Physics-informed learning of governing equations from scarce data

Harnessing data to discover the underlying governing laws or equations that describe the behavior of complex physical systems can significantly advance our modeling, simulation and understanding of such systems in various science and engineering disciplines. This work introduces a novel approach called physics-informed neural network with sparse regression to discover governing partial differential equations from scarce and noisy data for nonlinear spatiotemporal systems. In particular, this discovery approach seamlessly integrates the strengths of deep neural networks for rich representation learning, physics embedding, automatic differentiation and sparse regression to approximate the solution of system variables, compute essential derivatives, as well as identify the key derivative terms and parameters that form the structure and explicit expression of the equations.

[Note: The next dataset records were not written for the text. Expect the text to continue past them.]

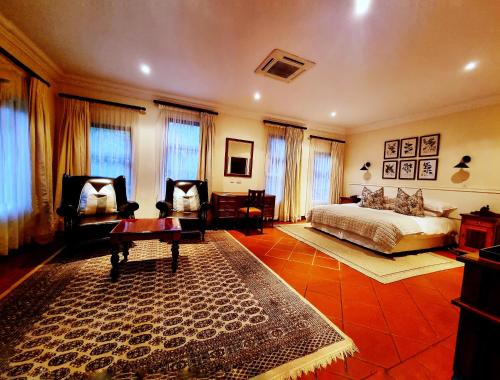 a bedroom with a bed and a table and chairs at Budmarsh Country Lodge in Magaliesburg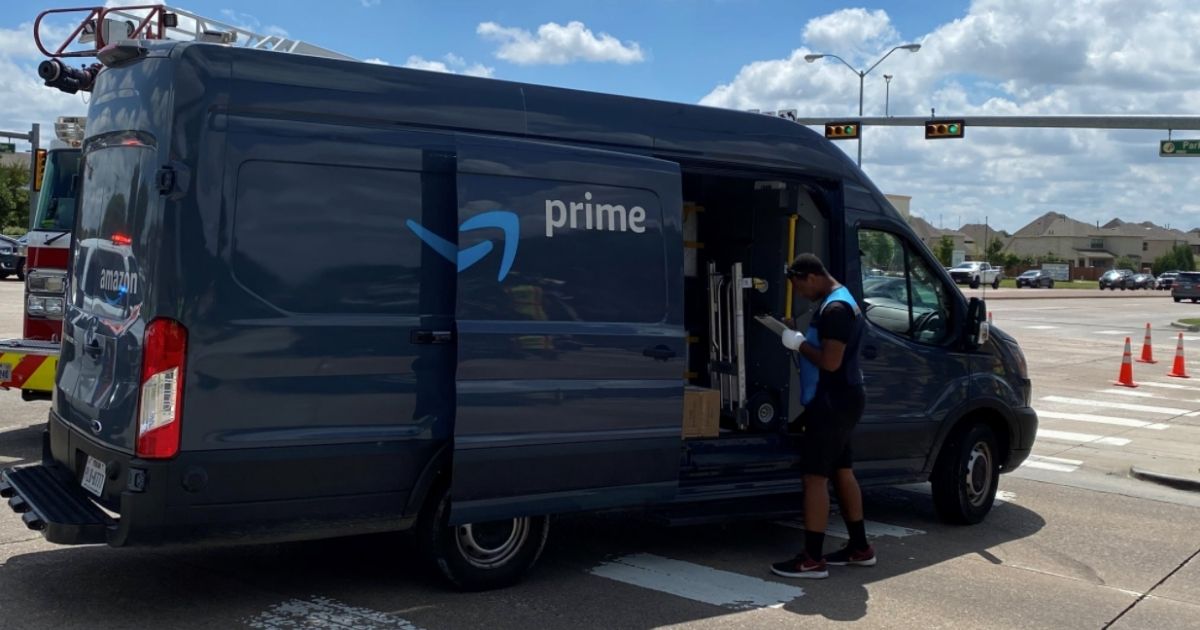 Amazon delivery driver, Tirek Sherman, uses his Amazon Prime van to block lanes of traffic in order to protect a driver in an overturned vehicle on Aug. 27.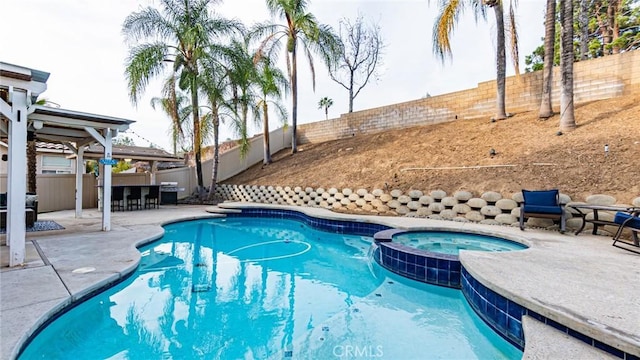 view of pool featuring an in ground hot tub, area for grilling, an outdoor bar, and a patio area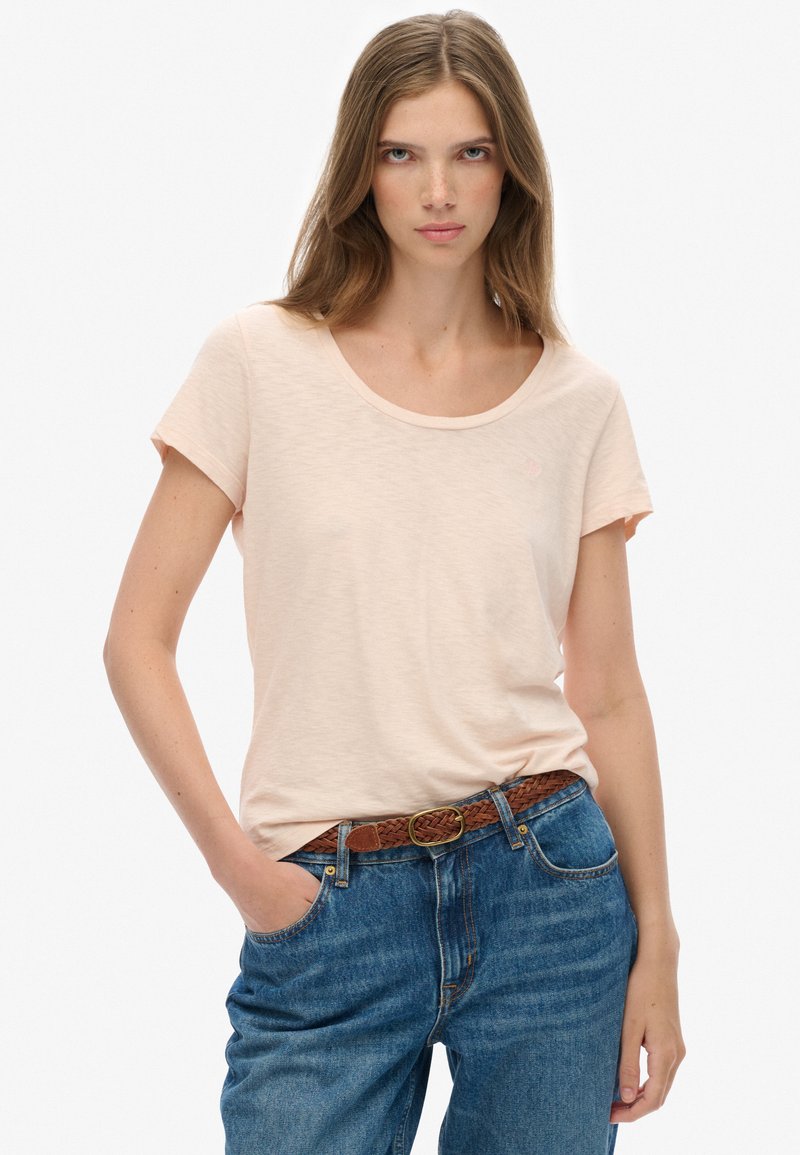 Camiseta de manga corta en color durazno claro con cuello redondo, hecha de un tejido suave, combinada con jeans de denim azul de cintura alta y un cinturón trenzado marrón.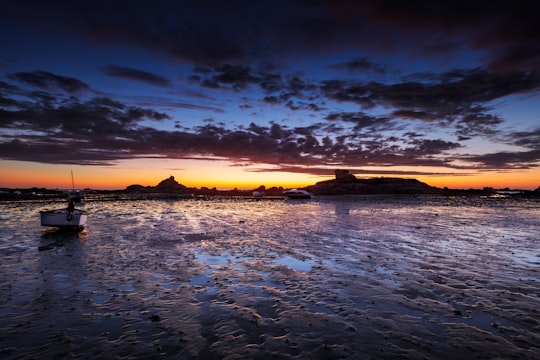 body of water under cloudy sky during sunset in Santec France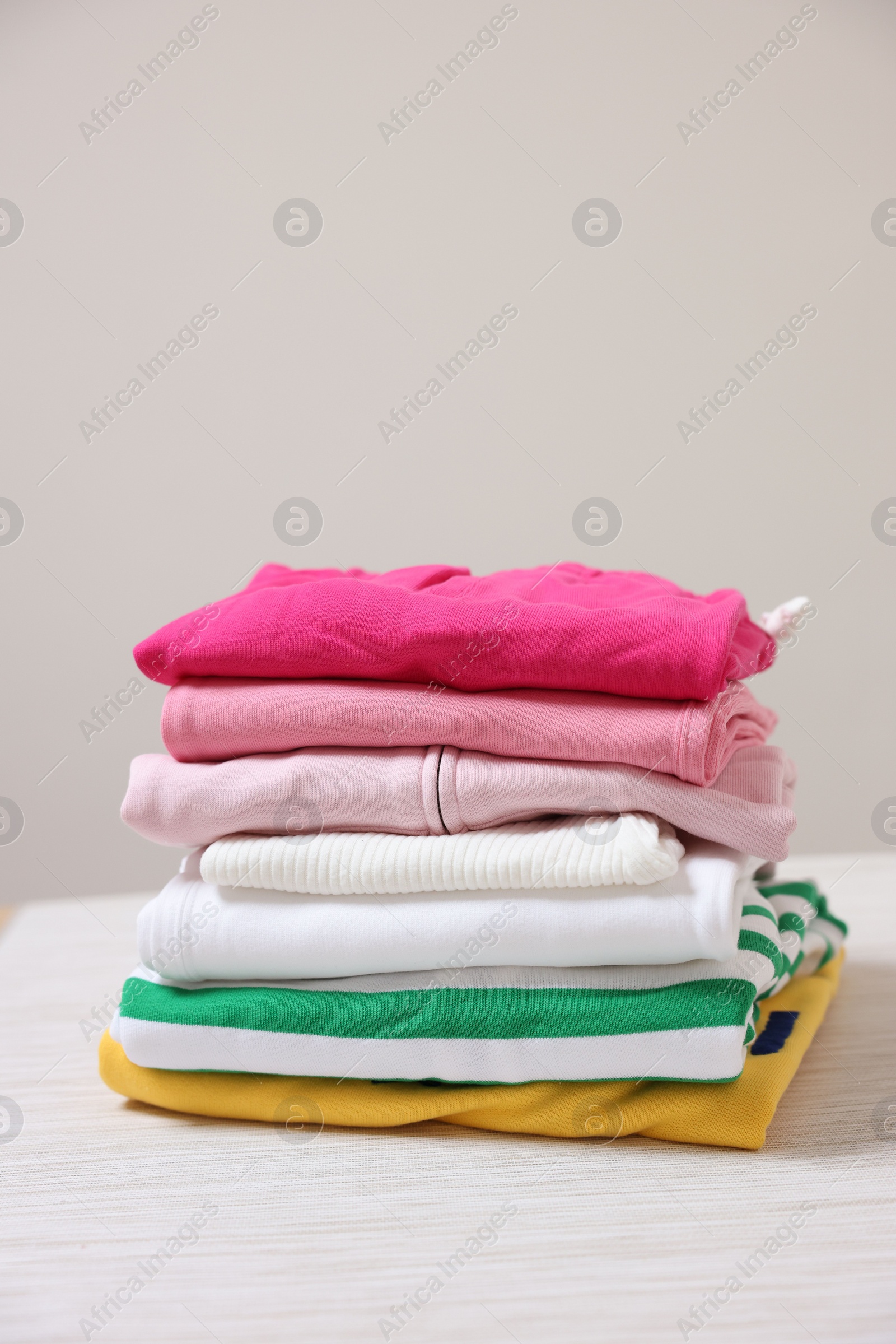Stack of folded clothes on table against beige background Photo of Stack of folded clothes on table against beige background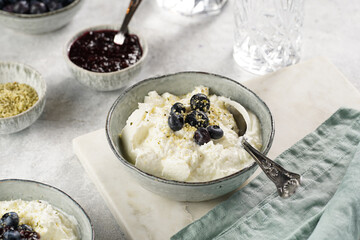 Two grey bowls with plain white icelandic diary breakfast skyr with jam, fresh blueberries, hemp...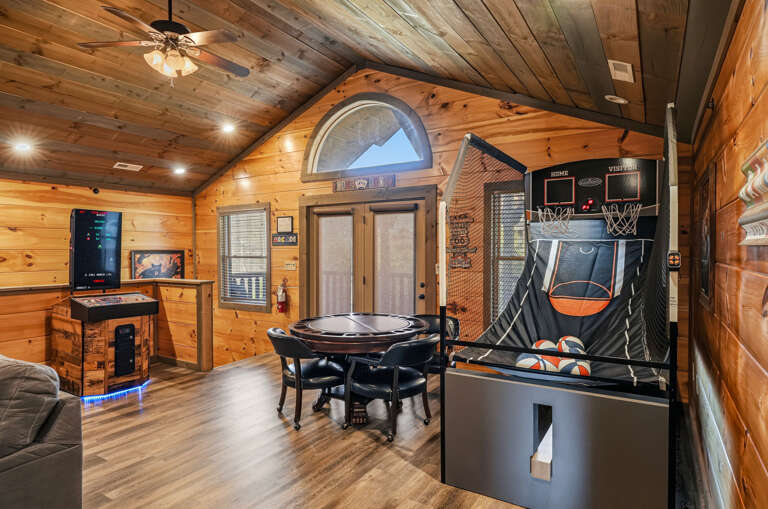 Wood-paneled Room With Arcade Game, Basketball Hoop, Round Table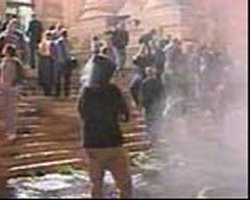 SSF agents fire tear gas into the crowd of students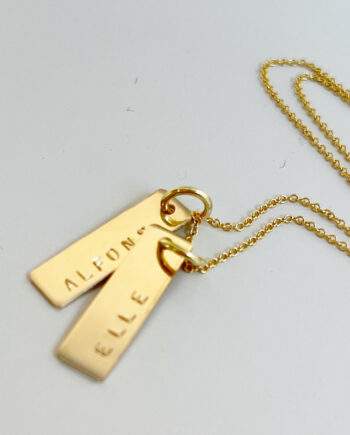 necklace with gold name tag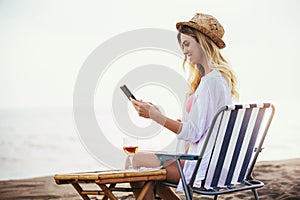 Woman holding tablet computer sitting on the beach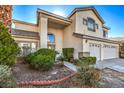 Attractive two-story home with a three-car garage and landscaped front yard, showcasing curb appeal at 6971 Cedar Basin Ave, Las Vegas, NV 89142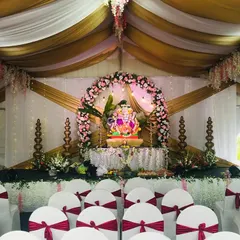 A wider view of the seating arrangement for the Ganesh Chaturthi festival. The chairs are adorned with red sashes, and the tent ceiling is draped with flowing fabric, creating a festive and cohesive look.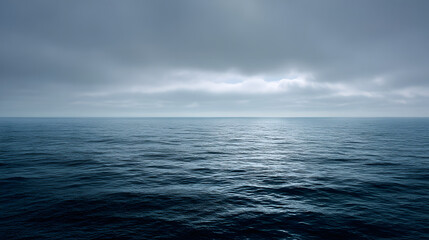 Obraz premium Dramatic and moody ocean landscape with dark blue rippling waves under a heavy overcast sky at dawn. Serene and atmospheric seascape with a clear horizon line.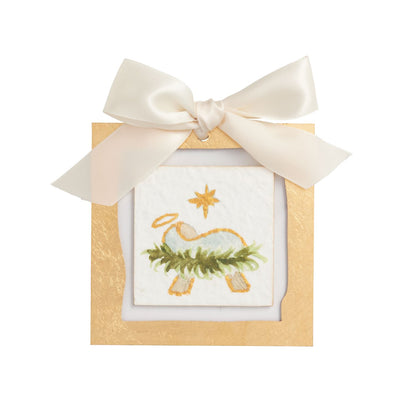 Baby Jesus Gold Acrylic Nativity Ornament, A square gold bordered acrylic ornament holding a painted scene of the infant Jesus in a manger of greenery under a gold star, tied with an ivory satin bow.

The efficacy and robustness of this method are demonstrated, both numerically and experimentally, on discovering a variety of partial differential equation systems with different levels of data scarcity and noise accounting for different initial/boundary conditions. The resulting computational framework shows the potential for closed-form model discovery in practical applications where large and accurate datasets are intractable to capture.

Recovery of underlying governing laws or equations describing the evolution of complex systems from data can be challenging if dataset is damaged or incomplete. The authors propose a learning approach which allows to discover governing partial differential equations from scarce and noisy data.